Use: #restorecon -v /var/run/glusterd.socket to fix it. Please, let me know if this happen again. Thank you.
It was a clean installation! Why should I need to use restorecon on a clean installation!?
Also: The context did not change: [root@host-01 ~]# matchpathcon /var/run/glusterd.socket /var/run/glusterd.socket system_u:object_r:glusterd_var_run_t:s0 [root@host-01 ~]# restorecon -v /var/run/glusterd.socket [root@host-01 ~]# matchpathcon /var/run/glusterd.socket /var/run/glusterd.socket system_u:object_r:glusterd_var_run_t:s0 It does not make sense to run restorecon!
ls -lZ /var/run/glusterd.socket
Lukas, it should be fixed with latest builds. commit 05c8c9f7cfc2f035ea5ab679c81b380f459ca31b Author: Miroslav Grepl <mgrepl> Date: Wed Jan 28 08:40:05 2015 +0100 Allow gluster rpm scriplet create glusterd socket with correct labeling. This is a workaround until we get fix in glusterd. commit cac96f6937c30842dbb36c5de19a657172d120dd Author: Miroslav Grepl <mgrepl> Date: Wed Jan 28 08:36:09 2015 +0100 Add glusterd_filetrans_named_pid() interface.

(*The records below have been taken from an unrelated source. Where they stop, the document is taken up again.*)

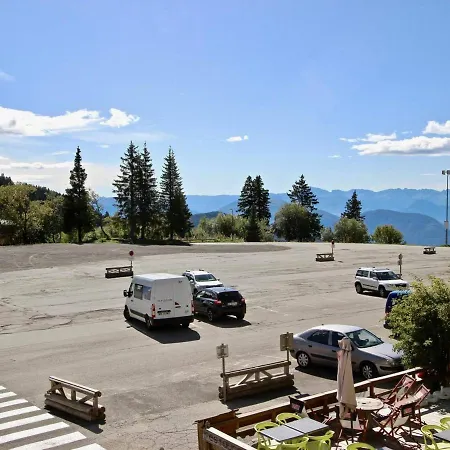 Cosy Pour 4 Pers A Chamrousse, Balcon Sud Pres Des Pistes - Fr-1-340-209 Apartment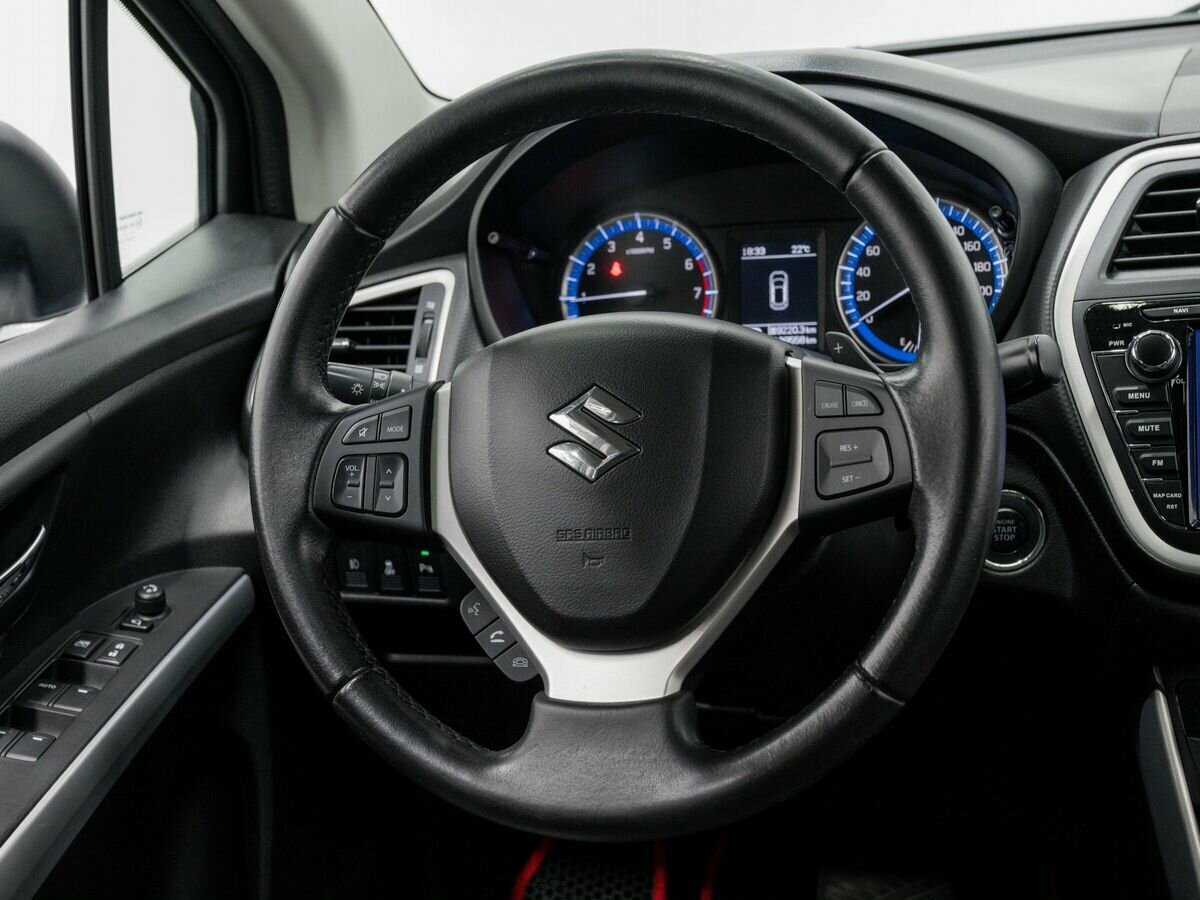 Б/У Сузуки С-Икс4 2014 года. Фото: #10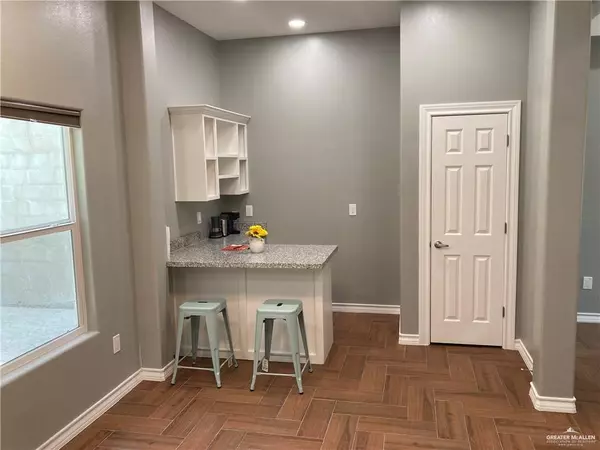 Mcallen, TX 78503,2103 S 6th ST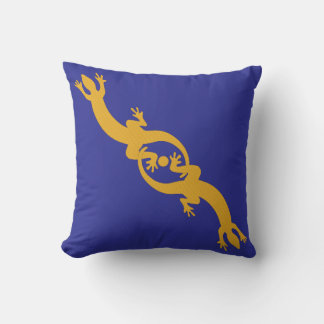 Schnazzy Gecko Throw Pillow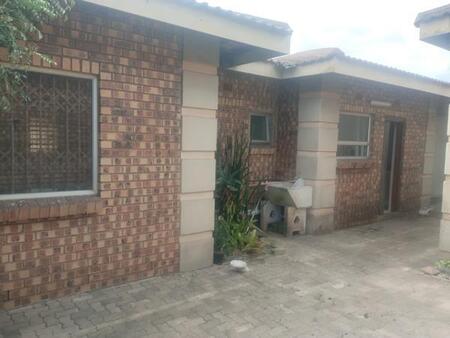 2 Bedroom Simplex in Arboretum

Thank you Miroslav. Fabian could you try it with this build? http://koji.fedoraproject.org/koji/buildinfo?buildID=608635 Thank you.
selinux-policy-3.13.1-105.9.fc21 has been submitted as an update for Fedora 21. https://admin.fedoraproject.org/updates/selinux-policy-3.13.1-105.9.fc21
Package selinux-policy-3.13.1-105.9.fc21: * should fix your issue, * was pushed to the Fedora 21 testing repository, * should be available at your local mirror within two days. Update it with: # su -c 'yum update --enablerepo=updates-testing selinux-policy-3.13.1-105.9.fc21' as soon as you are able to. Please go to the following url: https://admin.fedoraproject.org/updates/FEDORA-2015-4492/selinux-policy-3.13.1-105.9.fc21 then log in and leave karma (feedback).
selinux-policy-3.13.1-105.9.fc21 has been pushed to the Fedora 21 stable repository. If problems still persist, please make note of it in this bug report.